═════ RECORDS FOR THIS EXERCISE ═════
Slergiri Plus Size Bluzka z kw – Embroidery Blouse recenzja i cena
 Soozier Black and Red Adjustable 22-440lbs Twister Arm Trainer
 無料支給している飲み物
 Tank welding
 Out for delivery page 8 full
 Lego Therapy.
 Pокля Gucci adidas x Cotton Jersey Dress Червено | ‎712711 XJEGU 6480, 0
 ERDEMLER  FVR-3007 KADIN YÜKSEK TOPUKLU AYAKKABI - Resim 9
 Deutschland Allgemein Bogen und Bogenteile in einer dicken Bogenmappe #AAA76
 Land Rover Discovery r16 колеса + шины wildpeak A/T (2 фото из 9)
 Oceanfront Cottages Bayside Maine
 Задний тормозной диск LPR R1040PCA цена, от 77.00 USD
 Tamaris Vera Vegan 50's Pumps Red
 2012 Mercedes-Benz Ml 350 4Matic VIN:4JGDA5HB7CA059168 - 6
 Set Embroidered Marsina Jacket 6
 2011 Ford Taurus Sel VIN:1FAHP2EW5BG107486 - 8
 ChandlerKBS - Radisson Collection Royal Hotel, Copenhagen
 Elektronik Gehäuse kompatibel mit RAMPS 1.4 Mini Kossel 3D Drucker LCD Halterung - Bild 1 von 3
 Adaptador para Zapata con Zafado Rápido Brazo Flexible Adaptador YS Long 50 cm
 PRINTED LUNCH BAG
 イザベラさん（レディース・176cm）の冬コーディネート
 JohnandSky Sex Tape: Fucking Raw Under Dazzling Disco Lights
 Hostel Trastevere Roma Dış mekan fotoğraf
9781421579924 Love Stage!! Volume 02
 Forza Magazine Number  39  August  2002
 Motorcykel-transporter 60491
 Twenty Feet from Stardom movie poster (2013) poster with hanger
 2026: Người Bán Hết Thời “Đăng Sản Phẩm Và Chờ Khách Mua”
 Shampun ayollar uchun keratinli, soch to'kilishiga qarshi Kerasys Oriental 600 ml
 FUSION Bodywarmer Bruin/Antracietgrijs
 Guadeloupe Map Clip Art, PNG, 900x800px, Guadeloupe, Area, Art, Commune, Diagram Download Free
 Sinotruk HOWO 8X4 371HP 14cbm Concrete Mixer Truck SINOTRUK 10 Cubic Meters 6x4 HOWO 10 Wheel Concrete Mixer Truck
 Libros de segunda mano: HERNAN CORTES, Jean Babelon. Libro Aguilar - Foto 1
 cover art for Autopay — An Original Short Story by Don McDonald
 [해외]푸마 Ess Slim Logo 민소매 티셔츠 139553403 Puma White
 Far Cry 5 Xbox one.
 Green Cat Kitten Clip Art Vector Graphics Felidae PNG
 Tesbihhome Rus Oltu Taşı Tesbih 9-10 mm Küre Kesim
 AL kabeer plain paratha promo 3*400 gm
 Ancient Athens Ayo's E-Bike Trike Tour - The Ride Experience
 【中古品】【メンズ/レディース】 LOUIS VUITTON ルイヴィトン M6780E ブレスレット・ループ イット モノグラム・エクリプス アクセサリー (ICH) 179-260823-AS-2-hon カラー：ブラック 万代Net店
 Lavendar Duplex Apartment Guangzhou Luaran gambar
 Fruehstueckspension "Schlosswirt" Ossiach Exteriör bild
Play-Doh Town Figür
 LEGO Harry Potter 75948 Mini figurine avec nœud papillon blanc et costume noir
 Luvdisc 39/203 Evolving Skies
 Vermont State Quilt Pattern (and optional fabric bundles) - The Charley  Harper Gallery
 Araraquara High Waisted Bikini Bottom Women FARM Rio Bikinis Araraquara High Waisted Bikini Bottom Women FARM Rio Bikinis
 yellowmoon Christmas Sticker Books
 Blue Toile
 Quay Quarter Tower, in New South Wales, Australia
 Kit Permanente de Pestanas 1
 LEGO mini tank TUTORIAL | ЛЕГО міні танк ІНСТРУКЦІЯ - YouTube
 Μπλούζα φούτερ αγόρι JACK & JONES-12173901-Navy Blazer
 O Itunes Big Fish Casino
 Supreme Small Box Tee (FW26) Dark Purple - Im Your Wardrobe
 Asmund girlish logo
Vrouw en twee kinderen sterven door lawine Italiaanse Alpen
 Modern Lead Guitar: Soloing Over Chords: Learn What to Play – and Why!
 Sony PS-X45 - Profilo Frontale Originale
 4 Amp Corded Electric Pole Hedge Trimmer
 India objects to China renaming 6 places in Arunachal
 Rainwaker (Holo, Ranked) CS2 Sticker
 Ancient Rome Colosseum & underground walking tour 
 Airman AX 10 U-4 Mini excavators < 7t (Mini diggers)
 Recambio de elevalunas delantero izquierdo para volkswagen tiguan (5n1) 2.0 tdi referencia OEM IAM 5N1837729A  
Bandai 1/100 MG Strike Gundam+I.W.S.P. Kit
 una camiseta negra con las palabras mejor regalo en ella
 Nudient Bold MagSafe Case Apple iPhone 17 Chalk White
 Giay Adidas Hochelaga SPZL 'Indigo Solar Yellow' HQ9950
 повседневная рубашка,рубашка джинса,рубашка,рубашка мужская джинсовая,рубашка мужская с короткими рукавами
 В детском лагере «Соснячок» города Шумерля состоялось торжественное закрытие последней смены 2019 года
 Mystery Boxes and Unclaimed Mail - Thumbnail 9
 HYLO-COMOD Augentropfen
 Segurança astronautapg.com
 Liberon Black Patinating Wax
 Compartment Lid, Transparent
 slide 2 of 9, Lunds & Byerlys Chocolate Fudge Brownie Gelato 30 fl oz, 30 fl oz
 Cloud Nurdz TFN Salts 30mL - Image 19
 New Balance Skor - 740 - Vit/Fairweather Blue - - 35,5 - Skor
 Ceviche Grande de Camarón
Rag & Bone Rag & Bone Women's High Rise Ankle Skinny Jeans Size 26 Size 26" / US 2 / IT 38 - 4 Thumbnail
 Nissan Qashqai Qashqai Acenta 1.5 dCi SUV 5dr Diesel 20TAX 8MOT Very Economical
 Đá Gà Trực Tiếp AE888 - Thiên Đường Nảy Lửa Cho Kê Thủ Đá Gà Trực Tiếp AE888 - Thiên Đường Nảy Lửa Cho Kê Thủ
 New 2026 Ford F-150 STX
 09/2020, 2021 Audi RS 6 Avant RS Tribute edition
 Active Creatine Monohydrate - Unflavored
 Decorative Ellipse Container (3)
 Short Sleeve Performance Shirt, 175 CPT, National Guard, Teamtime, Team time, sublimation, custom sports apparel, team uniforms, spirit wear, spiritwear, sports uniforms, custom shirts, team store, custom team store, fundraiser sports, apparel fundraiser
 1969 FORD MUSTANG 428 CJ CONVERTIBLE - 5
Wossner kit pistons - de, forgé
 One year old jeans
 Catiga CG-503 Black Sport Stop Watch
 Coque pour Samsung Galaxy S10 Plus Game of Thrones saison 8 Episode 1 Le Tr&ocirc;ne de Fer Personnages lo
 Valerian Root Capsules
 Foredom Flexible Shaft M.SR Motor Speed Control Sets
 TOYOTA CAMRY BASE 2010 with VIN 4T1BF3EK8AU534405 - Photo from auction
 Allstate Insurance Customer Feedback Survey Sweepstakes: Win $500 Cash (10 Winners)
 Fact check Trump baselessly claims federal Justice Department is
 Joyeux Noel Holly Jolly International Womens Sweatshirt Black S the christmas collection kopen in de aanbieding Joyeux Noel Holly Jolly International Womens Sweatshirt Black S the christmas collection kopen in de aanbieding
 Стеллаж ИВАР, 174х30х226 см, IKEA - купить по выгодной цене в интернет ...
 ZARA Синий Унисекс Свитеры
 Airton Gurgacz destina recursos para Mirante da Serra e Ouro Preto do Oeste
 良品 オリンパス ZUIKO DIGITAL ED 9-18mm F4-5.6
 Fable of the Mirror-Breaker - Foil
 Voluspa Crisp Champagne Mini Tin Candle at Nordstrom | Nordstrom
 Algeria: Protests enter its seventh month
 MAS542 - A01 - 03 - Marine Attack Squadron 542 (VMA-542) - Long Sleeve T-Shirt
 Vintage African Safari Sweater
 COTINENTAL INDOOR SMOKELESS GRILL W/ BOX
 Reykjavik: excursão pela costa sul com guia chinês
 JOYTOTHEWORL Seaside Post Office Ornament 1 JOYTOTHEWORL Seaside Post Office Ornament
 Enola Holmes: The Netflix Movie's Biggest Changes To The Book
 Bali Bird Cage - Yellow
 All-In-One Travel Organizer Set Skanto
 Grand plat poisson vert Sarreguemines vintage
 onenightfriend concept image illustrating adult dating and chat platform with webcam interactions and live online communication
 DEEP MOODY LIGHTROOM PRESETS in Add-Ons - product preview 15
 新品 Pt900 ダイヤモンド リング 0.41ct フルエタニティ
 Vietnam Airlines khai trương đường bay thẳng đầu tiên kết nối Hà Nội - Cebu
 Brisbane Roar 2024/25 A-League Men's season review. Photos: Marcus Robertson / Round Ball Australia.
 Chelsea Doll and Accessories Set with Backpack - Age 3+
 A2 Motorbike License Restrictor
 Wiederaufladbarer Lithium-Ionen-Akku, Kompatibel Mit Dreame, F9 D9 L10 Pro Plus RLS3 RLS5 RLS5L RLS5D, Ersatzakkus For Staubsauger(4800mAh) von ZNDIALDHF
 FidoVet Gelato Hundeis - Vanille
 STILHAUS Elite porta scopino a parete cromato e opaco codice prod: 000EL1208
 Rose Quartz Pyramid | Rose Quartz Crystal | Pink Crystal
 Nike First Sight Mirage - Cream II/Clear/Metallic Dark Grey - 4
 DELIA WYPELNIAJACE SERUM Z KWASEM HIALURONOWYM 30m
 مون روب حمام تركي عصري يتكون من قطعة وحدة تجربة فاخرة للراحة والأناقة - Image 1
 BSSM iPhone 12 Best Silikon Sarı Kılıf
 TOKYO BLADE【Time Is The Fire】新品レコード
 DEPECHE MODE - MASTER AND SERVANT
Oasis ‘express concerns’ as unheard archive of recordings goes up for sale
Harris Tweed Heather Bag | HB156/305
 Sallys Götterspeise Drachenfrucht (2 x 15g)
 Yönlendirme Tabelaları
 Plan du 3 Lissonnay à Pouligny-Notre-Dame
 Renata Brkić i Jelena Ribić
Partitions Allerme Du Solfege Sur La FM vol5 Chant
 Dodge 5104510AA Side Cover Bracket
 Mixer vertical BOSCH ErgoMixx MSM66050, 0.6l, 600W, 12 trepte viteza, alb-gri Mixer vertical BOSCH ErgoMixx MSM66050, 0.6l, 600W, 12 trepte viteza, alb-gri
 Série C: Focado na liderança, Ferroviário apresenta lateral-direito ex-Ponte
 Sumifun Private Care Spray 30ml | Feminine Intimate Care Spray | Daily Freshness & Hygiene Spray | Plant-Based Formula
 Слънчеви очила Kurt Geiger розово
═════
◆ **WHAT YOU NEED TO DO**
Please give an exact copy of the entries above, from the line with "Twenty Feet from" down to the line with "Sinotruk HOWO 8X4", inclusive, and nothing else.

◆ **EXERCISE RESPONSE**
 Twenty Feet from Stardom movie poster (2013) poster with hanger
 2026: Người Bán Hết Thời “Đăng Sản Phẩm Và Chờ Khách Mua”
 Shampun ayollar uchun keratinli, soch to'kilishiga qarshi Kerasys Oriental 600 ml
 FUSION Bodywarmer Bruin/Antracietgrijs
 Guadeloupe Map Clip Art, PNG, 900x800px, Guadeloupe, Area, Art, Commune, Diagram Download Free
 Sinotruk HOWO 8X4 371HP 14cbm Concrete Mixer Truck SINOTRUK 10 Cubic Meters 6x4 HOWO 10 Wheel Concrete Mixer Truck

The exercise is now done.